Paleontology news

June 30, 1908, 7:14 a.m., central Siberia—Semen Semenov, a local farmer, saw “the sky split in two. Fire appeared high and wide over the forest.... From ... where the fire was, came strong heat.... Then the sky shut closed, and a strong thump sounded, and I was thrown a few yards.... After that such noise came, as if . . . cannons were firing, the earth shook ...”
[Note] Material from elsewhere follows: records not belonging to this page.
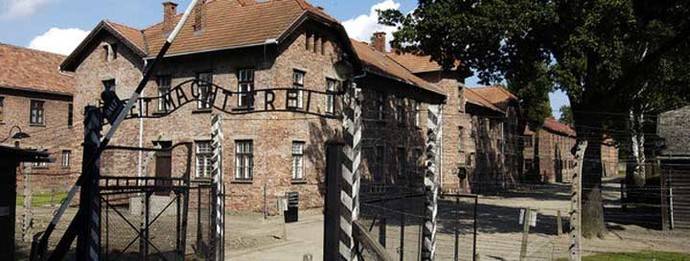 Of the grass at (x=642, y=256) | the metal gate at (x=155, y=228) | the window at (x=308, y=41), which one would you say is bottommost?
the grass at (x=642, y=256)

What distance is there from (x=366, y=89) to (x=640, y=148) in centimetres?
2271

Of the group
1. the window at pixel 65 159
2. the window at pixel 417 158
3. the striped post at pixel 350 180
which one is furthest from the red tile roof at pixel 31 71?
the striped post at pixel 350 180

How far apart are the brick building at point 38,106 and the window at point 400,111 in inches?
720

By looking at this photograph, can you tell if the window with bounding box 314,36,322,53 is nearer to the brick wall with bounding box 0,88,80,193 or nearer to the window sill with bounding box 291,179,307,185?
the window sill with bounding box 291,179,307,185

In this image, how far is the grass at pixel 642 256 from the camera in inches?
609

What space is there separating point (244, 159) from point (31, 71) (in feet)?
67.0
Such is the harrowing testimony of one of the closest eyewitnesses to what scientists call the Tunguska event, the largest impact of a cosmic body to occur on the earth during modern human history. Semenov experienced a raging conflagration some 65 kilometers (40 miles) from ground zero, but the effects of the blast rippled out far into northern Europe and Central Asia as well. Some people saw massive, silvery clouds and brilliant, colored sunsets on the horizon, whereas others witnessed luminescent skies at night—Londoners, for instance, could plainly read newsprint at midnight without artificial lights. Geophysical observatories placed the source of the anomalous seismic and pressure waves they had recorded in a remote section of Siberia. The epicenter lay close to the river Podkamennaya Tunguska, an uninhabited area of swampy taiga forest that stays frozen for eight or nine months of the year.
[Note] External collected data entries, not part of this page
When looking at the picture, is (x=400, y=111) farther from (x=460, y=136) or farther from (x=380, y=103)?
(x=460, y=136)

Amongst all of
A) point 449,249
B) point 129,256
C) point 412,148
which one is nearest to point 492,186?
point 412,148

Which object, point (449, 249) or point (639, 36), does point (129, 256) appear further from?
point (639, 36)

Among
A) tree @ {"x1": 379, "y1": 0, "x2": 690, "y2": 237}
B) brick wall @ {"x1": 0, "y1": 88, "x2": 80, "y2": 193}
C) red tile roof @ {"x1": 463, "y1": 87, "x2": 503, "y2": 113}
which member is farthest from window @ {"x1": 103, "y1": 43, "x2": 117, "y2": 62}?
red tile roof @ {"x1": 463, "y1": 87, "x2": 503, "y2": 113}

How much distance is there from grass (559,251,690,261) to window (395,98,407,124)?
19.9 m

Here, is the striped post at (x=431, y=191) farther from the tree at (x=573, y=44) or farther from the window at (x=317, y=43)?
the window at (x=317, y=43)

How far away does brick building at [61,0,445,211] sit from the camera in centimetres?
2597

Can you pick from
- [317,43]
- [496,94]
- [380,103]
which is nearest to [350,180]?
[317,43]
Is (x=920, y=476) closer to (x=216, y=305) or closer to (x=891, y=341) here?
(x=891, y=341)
Ever since the Tunguska event, scientists and lay enthusiasts alike have wondered what caused it. Although most observers generally accept that some kind of cosmic body, either an asteroid or a comet, exploded in the sky above Siberia, no one has yet found fragments of the object or any impact craters in the affected region. The mystery remains unsolved, but our research team, only the latest of a steady stream of investigators who have scoured the area, may be closing in on a discovery that will change our understanding of what happened that fateful morning.

The study of the Tunguska event is important because past collisions with extraterrestrial bodies have had major effects on the evolution of the earth. Some 4.4 billion years ago, for example, a Mars-size planetoid seems to have struck our young planet, throwing out enough debris to create our moon. And a large impact may have caused the extinction of the dinosaurs 65 million years ago. Even today cosmic impacts are evident. In July 1994 several astronomical observatories recorded the spectacular crash of a comet on Jupiter. And only last September, Peruvian villagers watched in awe and fright as a heavenly object streaked across the sky and landed not too far away with a loud boom, leaving a gaping pit 4.5 meters deep and 13 meters wide.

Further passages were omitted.